Multithreaded reading of Flatbuffer data causing data corruption [c#, flatc v1.10.0 & 1.11.0, Win10]

[james-vanrossum-sonardyne]

I have a C# application that is designed to read in (synchronously) log files containing various flatbuffer types, to then output this data in different formats to different output files.

As previously mentioned the read is synchronous, which subsequently populates a threadsafe primary buffer (BlockingCollection) per output file with the flatbuffer objects. Per output file, there is a (formatting) thread that formats the data from multiple properties of the flatbuffer object, and populates another threadsafe buffer with the formatted data, and a (output) thread that reads the secondary buffer and outputs it to a file.

In this specific example the formatting is taking 6 doubles from the flatbuffer and putting them in a double[].

The Flatbuffer objects in the primary buffer are held by reference. When I have two output files (and as such two "formatting threads" and two "output threads"), and these outputs are both using the same Flatbuffer objects (of the same specific type) as their source data, there are two "primary buffers" both containing references to each flatbuffer object - i.e. two references to each single flatbuffer object instance. When these "formatting threads" are run in parallel, processing the data as it arrives in the buffer, occasionally (100's of times in ~220,000 flatbuffer objects) one of the 6 fields of the flatbuffer being put into the double[] gets duplicated into one of the incorrect indexes of the target double[]. During debugging, inspecting the individual values of the flatbuffer return the correct values, however at runtime when not stepping through the code, this issue occurs.

The below image shows the issue on the left when the formatting threads are used, and the data output on the right with no erroneous data is when the synchronous reader thread is used to perform the formatting. (this is obviously far slower in processing time, and is the reason I'm trying to multithread).

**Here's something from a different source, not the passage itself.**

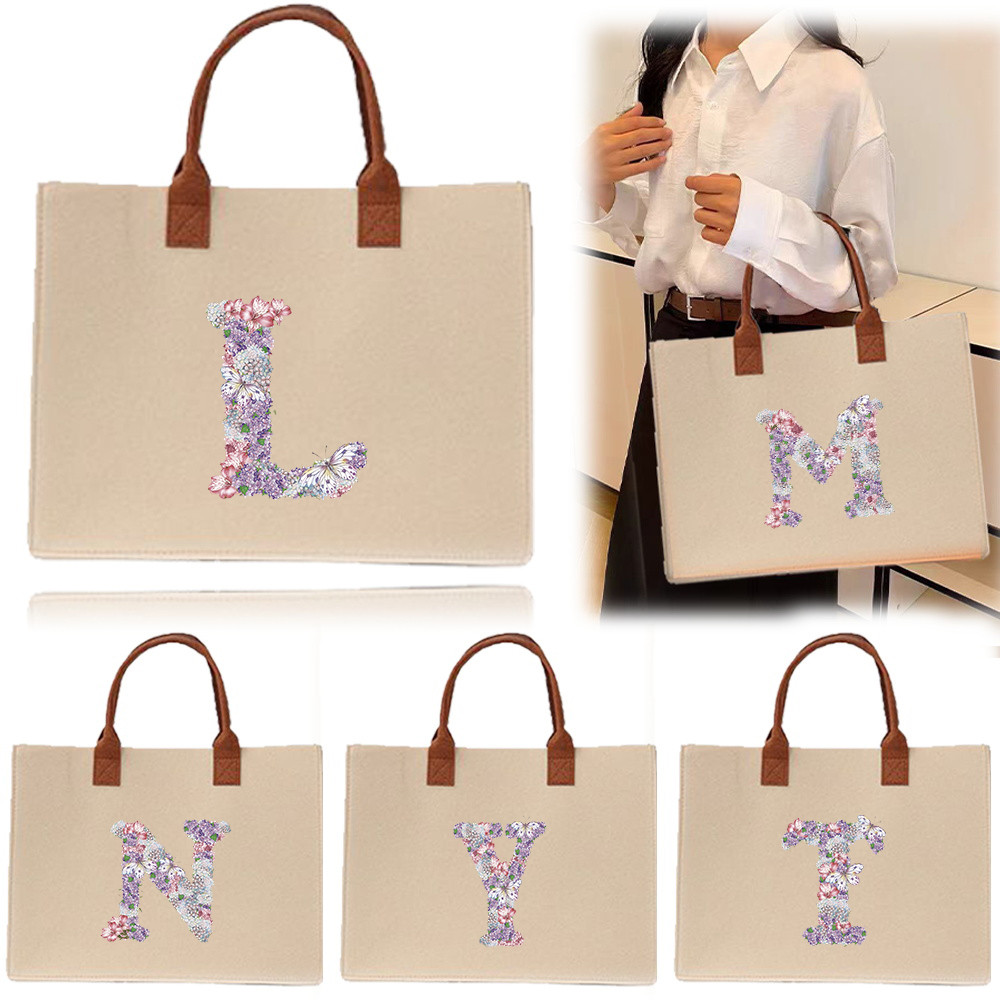 Exquisite print Large felt tote bag In stock Thickened 【Lowest price】 Commuter shopping bag Felt tot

I've seen in the docs that c++ flatbuffers are thread safe for reading here. Is this the case for C#? I believe that they are not safe from what I'm observing, and this is crippling the speed I can work on Flatbuffers if they are not threadsafe for reading. I'm afraid it is beyond my understanding as to what may be changing within the flatbuffer (tingling feeling around the bytebuffer position property), but it definitely doesn't appear thread safe.

Any help with the issue would be much appreciated. Would happily walk someone through the issue remotely.

Many thanks in advance,

James

[aardappel]

A FlatBuffer is in theory "thread-safe" since it is just a buffer of read only bytes. The code that accesses this buffer does not do any thread synchronization itself, so will only be thread-safe if doesn't mutate the accessors while multiple threads access it. Every Table accessor refers to a ByteBuffer, which has a Position that if it were to be modified could be thread-unsafe, but from what I can see it only ever gets set by the FlatBufferBuilder, not the reading code.

There are two ways I can see to guarantee this is thread safe: 1) Audit Table and related accessors to ensure they are not mutating.. I don't think they do, but we could be missing something. 2) Don't share accessors between threads. Make each thread refer to its own ByteBuffer and accessors, and only share the underlying byte data.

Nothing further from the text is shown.